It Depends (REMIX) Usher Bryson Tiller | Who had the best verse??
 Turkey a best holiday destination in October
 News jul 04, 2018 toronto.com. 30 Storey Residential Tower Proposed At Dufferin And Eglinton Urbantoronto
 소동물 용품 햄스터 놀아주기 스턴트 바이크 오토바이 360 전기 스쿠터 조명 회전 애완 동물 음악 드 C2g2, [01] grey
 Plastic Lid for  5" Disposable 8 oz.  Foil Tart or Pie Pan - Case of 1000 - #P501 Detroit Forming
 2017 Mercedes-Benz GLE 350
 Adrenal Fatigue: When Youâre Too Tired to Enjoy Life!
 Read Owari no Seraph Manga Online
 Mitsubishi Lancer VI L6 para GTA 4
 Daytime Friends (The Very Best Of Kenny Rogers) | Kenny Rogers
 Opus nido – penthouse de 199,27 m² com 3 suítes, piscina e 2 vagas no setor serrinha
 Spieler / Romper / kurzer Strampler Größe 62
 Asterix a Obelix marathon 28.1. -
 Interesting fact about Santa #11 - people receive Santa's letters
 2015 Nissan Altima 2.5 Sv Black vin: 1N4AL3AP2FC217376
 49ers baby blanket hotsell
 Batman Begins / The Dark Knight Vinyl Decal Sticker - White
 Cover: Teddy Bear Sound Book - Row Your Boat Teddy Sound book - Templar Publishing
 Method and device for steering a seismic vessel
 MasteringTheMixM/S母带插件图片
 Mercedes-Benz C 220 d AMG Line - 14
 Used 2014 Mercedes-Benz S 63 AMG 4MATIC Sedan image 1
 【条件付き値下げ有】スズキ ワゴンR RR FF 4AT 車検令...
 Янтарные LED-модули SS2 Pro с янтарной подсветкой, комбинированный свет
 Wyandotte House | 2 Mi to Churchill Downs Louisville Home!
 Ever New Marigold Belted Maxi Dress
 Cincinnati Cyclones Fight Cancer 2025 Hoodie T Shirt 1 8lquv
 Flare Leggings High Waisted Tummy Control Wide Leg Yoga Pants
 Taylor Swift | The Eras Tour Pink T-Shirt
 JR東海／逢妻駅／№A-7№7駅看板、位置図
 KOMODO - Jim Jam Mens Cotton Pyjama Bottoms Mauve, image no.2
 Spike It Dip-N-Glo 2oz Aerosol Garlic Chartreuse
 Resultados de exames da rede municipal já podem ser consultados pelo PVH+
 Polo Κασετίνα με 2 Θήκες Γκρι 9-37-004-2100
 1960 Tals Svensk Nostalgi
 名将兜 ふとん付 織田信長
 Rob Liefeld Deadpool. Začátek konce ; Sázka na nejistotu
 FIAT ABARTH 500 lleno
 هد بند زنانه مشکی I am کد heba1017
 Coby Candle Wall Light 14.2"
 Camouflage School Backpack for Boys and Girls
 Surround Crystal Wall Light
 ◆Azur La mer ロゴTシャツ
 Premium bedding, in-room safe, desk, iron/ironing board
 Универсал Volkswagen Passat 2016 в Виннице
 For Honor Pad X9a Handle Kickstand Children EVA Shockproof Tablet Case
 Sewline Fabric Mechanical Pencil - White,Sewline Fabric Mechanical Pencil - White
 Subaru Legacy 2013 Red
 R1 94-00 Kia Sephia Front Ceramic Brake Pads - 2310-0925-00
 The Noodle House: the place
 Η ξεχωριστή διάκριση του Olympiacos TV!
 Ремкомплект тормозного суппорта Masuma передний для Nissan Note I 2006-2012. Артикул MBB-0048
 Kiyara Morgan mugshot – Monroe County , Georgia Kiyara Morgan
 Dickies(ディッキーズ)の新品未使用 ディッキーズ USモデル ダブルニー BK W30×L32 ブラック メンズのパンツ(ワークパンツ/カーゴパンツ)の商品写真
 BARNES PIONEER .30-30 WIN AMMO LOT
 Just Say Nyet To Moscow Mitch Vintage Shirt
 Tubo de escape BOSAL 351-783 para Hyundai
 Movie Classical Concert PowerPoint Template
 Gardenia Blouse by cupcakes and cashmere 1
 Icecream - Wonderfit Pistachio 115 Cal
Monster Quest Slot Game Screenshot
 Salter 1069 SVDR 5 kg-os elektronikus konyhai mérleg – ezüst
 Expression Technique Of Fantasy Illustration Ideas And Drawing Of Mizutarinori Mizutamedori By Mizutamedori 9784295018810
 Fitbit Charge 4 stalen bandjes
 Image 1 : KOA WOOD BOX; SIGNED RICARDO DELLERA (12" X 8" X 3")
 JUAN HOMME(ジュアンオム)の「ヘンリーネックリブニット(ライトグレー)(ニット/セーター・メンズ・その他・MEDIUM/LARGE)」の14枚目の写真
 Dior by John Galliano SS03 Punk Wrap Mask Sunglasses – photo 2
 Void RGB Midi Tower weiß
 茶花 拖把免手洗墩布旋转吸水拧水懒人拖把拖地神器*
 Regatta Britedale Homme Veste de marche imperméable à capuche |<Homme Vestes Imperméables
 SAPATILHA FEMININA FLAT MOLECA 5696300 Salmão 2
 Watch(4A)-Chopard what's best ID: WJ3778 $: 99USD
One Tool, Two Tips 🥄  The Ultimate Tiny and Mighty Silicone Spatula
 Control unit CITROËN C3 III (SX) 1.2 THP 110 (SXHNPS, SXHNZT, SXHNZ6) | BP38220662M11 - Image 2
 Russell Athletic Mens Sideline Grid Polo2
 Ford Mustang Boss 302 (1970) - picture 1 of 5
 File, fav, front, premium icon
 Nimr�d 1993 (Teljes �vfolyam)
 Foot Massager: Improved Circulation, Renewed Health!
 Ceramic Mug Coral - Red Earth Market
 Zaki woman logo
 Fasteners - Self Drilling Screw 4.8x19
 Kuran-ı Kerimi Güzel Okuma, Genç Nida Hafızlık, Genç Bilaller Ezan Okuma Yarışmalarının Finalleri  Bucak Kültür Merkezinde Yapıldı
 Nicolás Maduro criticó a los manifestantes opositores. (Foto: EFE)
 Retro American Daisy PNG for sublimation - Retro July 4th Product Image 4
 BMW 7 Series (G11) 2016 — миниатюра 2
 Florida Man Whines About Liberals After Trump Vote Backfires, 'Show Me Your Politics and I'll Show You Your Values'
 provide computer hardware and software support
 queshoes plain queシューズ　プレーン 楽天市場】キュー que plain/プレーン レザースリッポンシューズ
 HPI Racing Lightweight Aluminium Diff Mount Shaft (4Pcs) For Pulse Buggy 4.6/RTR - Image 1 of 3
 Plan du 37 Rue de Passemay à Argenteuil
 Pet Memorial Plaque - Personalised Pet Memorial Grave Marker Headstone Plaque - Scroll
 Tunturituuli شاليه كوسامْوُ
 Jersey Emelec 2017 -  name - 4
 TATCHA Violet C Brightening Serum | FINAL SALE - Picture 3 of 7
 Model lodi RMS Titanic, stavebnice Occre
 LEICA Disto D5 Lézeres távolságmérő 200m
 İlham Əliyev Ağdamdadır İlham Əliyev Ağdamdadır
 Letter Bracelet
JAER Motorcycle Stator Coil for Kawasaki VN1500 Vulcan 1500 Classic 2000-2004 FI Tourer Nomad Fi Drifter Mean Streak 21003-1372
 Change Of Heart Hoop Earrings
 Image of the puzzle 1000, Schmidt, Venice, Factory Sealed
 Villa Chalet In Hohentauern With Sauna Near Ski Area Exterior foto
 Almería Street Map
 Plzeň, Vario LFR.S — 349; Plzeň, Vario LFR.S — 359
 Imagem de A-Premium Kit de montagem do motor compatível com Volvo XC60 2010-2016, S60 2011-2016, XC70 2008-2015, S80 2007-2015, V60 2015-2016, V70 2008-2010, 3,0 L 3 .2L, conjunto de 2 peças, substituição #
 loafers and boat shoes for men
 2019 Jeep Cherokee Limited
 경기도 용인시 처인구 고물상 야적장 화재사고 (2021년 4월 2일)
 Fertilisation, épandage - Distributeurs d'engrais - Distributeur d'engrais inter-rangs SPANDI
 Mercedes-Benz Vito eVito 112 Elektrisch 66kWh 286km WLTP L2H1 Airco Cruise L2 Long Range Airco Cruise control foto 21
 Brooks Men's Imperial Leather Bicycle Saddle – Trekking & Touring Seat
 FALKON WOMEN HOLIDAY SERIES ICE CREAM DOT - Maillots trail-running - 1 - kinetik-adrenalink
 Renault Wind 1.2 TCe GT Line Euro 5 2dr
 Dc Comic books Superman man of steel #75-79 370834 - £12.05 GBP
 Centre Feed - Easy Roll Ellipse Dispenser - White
§ §
WORK TASK — Could you repeat exactly the lines above from the line with "Tunturituuli شاليه كوسامْوُ" up to and including the line with "Plzeň, Vario LFR.S — 349;", and only those?

RESPONSE AREA —
 Tunturituuli شاليه كوسامْوُ
 Jersey Emelec 2017 -  name - 4
 TATCHA Violet C Brightening Serum | FINAL SALE - Picture 3 of 7
 Model lodi RMS Titanic, stavebnice Occre
 LEICA Disto D5 Lézeres távolságmérő 200m
 İlham Əliyev Ağdamdadır İlham Əliyev Ağdamdadır
 Letter Bracelet
JAER Motorcycle Stator Coil for Kawasaki VN1500 Vulcan 1500 Classic 2000-2004 FI Tourer Nomad Fi Drifter Mean Streak 21003-1372
 Change Of Heart Hoop Earrings
 Image of the puzzle 1000, Schmidt, Venice, Factory Sealed
 Villa Chalet In Hohentauern With Sauna Near Ski Area Exterior foto
 Almería Street Map
 Plzeň, Vario LFR.S — 349; Plzeň, Vario LFR.S — 359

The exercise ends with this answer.